Just setup a tech appointment for Sunday morning (yes, Easter)since they already sent me one replacement that exhibits the same problem. They are going to correct the terrible install I had a couple of weeks ago and bring out another new D*TiVo. Hoping the 3rd time is a charm


----------



## litzdog911 (Oct 18, 2002)

Keep us posted on what the Tech finds. In the mean time, can you post a video clip of the problem?


----------



## MacQ2 (Oct 17, 2006)

Trebor1 said:


> SD display. No HD involved in this setup but thanks for the suggestion.
> Trebor


Ah. I'm just curious - what video output options do you have with the SD TV? 480i? 480p? Do you even get to choose?

Thanks


----------



## litzdog911 (Oct 18, 2002)

MacQ2 said:


> Ah. I'm just curious - what video output options do you have with the SD TV? 480i? 480p?
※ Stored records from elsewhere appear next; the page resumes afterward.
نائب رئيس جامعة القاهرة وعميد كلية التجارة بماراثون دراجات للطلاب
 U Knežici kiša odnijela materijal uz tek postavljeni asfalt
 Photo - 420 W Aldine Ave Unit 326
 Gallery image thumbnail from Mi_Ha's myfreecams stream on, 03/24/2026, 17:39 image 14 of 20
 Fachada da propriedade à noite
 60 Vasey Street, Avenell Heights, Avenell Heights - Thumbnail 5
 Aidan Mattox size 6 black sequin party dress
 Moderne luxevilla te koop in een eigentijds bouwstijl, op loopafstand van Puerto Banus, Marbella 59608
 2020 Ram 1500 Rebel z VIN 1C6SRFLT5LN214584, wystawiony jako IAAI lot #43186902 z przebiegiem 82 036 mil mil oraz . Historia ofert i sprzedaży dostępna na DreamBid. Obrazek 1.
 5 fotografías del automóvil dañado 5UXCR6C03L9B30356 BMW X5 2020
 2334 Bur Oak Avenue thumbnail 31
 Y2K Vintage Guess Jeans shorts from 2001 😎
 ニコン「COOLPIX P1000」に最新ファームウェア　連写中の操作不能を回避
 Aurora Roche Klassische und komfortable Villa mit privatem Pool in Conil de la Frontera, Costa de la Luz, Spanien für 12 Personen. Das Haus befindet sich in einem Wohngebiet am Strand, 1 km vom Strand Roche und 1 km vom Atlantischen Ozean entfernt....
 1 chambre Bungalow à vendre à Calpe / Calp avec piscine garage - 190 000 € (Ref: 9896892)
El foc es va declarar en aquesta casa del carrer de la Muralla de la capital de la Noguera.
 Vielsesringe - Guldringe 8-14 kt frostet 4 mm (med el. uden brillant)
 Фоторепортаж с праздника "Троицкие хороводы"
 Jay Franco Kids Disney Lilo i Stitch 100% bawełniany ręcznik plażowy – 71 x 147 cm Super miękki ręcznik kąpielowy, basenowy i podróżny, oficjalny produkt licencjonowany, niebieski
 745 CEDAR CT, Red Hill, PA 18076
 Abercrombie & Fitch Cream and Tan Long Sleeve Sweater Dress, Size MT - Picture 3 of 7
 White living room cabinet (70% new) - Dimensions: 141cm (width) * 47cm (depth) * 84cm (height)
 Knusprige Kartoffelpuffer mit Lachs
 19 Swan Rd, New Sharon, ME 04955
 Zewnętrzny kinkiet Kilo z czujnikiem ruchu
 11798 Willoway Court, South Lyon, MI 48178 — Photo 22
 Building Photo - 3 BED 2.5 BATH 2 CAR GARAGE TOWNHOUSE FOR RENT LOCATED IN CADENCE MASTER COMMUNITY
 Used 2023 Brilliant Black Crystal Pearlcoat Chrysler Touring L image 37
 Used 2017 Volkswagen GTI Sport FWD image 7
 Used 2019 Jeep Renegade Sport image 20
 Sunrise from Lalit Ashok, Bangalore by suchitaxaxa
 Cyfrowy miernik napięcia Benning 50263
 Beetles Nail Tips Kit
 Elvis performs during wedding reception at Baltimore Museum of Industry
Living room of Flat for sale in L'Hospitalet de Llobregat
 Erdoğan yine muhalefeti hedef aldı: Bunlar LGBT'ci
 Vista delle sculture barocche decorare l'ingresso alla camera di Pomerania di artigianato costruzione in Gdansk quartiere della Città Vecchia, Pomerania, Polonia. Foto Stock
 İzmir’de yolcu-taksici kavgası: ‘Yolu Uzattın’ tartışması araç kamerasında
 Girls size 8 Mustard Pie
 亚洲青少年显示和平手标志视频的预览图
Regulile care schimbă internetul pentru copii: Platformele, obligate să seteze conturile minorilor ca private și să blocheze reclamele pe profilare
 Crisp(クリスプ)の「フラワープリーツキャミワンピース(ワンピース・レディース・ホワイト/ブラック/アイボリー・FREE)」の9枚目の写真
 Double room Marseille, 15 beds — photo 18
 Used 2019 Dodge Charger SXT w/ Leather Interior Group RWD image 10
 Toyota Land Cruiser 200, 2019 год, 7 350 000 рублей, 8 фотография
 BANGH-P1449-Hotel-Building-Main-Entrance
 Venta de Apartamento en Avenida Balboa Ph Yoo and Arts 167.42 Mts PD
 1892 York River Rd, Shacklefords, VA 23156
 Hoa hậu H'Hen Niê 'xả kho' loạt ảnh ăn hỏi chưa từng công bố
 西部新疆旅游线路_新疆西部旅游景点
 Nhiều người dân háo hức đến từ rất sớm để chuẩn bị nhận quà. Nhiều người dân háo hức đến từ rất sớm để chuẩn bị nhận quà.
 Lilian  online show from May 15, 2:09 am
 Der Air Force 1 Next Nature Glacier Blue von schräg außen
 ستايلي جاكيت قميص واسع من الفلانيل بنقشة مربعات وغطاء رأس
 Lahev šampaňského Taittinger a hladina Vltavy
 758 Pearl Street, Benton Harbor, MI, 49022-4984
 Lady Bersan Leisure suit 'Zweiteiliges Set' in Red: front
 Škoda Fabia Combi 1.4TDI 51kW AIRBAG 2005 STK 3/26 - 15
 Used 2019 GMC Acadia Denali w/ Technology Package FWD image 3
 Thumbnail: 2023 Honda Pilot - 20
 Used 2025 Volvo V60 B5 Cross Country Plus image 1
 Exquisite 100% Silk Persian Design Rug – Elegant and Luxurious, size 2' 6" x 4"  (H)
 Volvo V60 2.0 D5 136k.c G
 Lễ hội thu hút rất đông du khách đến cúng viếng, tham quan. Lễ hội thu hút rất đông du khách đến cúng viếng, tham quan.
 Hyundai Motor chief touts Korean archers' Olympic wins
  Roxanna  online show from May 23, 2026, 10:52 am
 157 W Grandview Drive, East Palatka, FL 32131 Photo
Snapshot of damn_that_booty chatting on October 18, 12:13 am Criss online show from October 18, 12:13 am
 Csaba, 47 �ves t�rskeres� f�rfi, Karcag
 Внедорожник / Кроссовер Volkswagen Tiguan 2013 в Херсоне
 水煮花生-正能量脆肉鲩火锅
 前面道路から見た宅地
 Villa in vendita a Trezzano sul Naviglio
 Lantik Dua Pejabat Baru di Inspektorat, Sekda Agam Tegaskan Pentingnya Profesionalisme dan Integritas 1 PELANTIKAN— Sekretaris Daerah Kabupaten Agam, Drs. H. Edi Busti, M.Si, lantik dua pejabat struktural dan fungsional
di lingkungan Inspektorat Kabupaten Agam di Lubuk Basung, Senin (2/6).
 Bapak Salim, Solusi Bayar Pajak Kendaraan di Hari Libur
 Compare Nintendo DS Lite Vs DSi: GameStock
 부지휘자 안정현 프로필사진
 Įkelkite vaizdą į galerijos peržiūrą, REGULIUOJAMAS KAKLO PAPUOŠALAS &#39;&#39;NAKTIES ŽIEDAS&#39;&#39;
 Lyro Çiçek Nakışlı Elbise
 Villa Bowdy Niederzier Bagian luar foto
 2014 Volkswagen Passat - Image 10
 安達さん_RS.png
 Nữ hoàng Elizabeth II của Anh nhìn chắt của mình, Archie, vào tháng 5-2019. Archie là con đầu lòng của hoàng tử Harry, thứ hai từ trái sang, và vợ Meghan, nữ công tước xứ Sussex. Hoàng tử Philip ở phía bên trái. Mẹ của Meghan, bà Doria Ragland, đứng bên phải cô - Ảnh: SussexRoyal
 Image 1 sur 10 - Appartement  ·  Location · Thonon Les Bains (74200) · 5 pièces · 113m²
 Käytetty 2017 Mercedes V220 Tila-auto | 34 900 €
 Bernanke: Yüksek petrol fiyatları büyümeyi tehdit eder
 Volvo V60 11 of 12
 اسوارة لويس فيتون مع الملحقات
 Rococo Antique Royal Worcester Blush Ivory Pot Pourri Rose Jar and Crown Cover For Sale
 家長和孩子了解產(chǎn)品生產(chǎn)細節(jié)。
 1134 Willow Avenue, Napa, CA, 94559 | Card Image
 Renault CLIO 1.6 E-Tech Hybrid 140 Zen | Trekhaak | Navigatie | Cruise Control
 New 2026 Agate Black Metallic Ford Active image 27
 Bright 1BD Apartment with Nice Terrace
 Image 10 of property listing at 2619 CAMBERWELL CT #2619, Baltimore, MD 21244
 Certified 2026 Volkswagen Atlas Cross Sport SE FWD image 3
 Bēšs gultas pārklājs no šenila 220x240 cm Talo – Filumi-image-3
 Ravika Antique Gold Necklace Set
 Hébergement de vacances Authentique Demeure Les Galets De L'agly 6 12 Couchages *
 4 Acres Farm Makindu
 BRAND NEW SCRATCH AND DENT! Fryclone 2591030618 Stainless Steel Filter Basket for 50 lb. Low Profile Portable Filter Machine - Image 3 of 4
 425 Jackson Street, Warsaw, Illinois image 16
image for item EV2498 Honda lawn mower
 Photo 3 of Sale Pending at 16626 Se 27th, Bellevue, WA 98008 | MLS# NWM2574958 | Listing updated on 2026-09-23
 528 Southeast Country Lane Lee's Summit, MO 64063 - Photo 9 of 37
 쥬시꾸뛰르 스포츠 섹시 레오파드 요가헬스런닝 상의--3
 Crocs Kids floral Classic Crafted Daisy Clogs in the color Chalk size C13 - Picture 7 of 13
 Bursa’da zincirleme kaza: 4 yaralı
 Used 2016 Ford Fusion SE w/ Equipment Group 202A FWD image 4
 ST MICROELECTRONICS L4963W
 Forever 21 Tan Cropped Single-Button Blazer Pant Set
Do you even get to choose?
> 
> Thanks


How are you connecting your Tivo to your SDTV? Composite Video connection is strictly 480i, regardless of what resolution the Tivo is set to output.


----------



## MacQ2 (Oct 17, 2006)

litzdog911 said:


> How are you connecting your Tivo to your SDTV? Composite Video connection is strictly 480i, regardless of what resolution the Tivo is set to output.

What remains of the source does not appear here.